Transcribe only the lines from the one containing "в Новосибирске Заказать" through the final line of the entries below, exactly, and exclude the pictures.

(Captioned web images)
================================
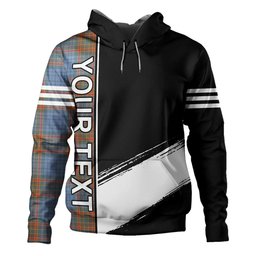 ScotsTee Shop Scottish Ralston UK Weathered Clan Crest Tartan Hoodie Quarter Personalized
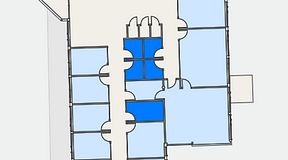 
							Planritning för Helio Frösundavik, 5 privata rum, 24 m²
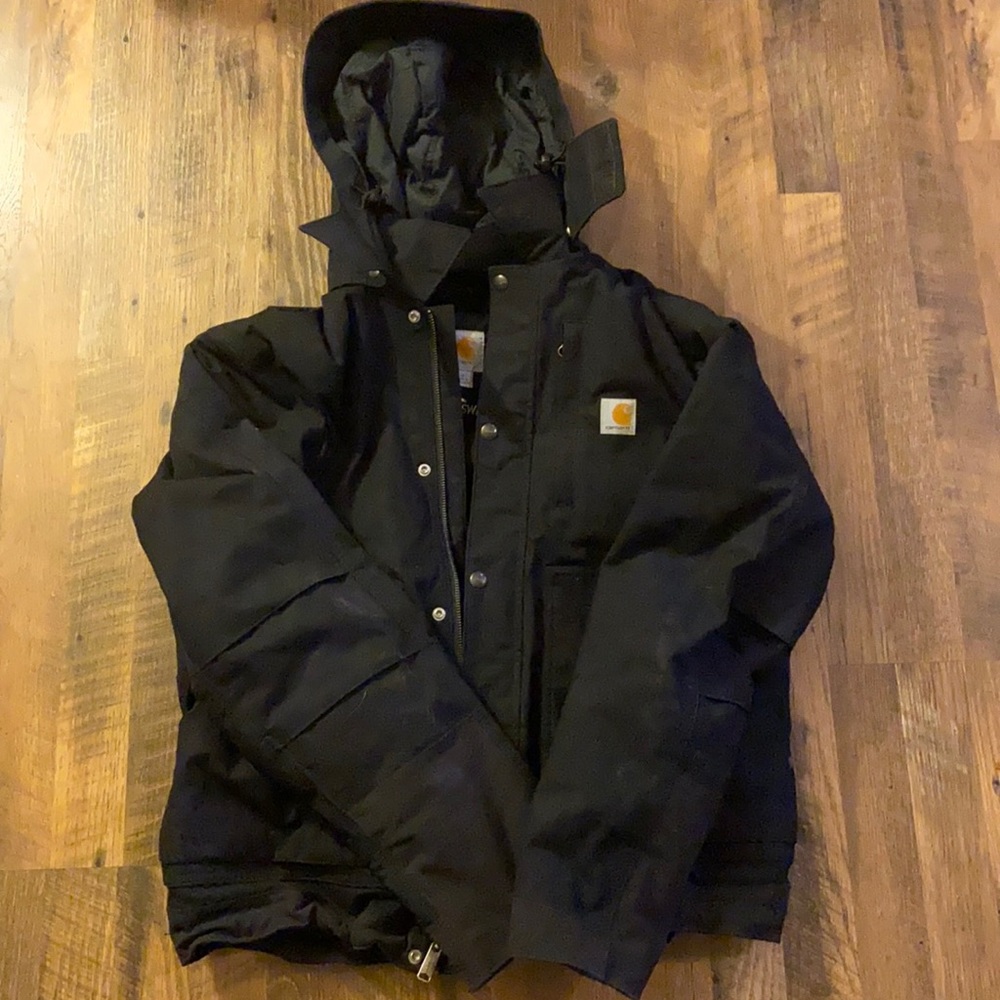 Carhartt coat and long sleeve tee both mediums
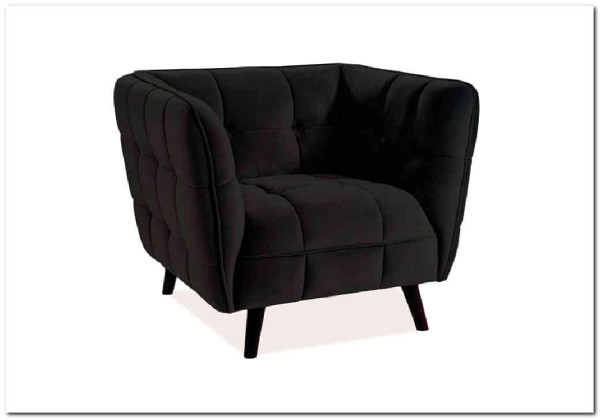 Заказать Кресло CASTELLO 1 Velvet Bluvel 19  Signal (черный) по цене 64 889 руб. в Новосибирске Заказать Кресло CASTELLO 1 Velvet Bluvel 19  Signal (черный) по цене 64 889 руб. в Новосибирске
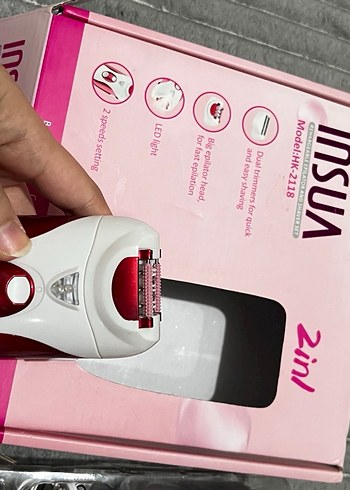 INSUA 2'si 1 Arada Pembe Epilatör - Görsel 2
================================
- [COMPLETED EXERCISE]
 Заказать Кресло CASTELLO 1 Velvet Bluvel 19  Signal (черный) по цене 64 889 руб. в Новосибирске Заказать Кресло CASTELLO 1 Velvet Bluvel 19  Signal (черный) по цене 64 889 руб. в Новосибирске
 INSUA 2'si 1 Arada Pembe Epilatör - Görsel 2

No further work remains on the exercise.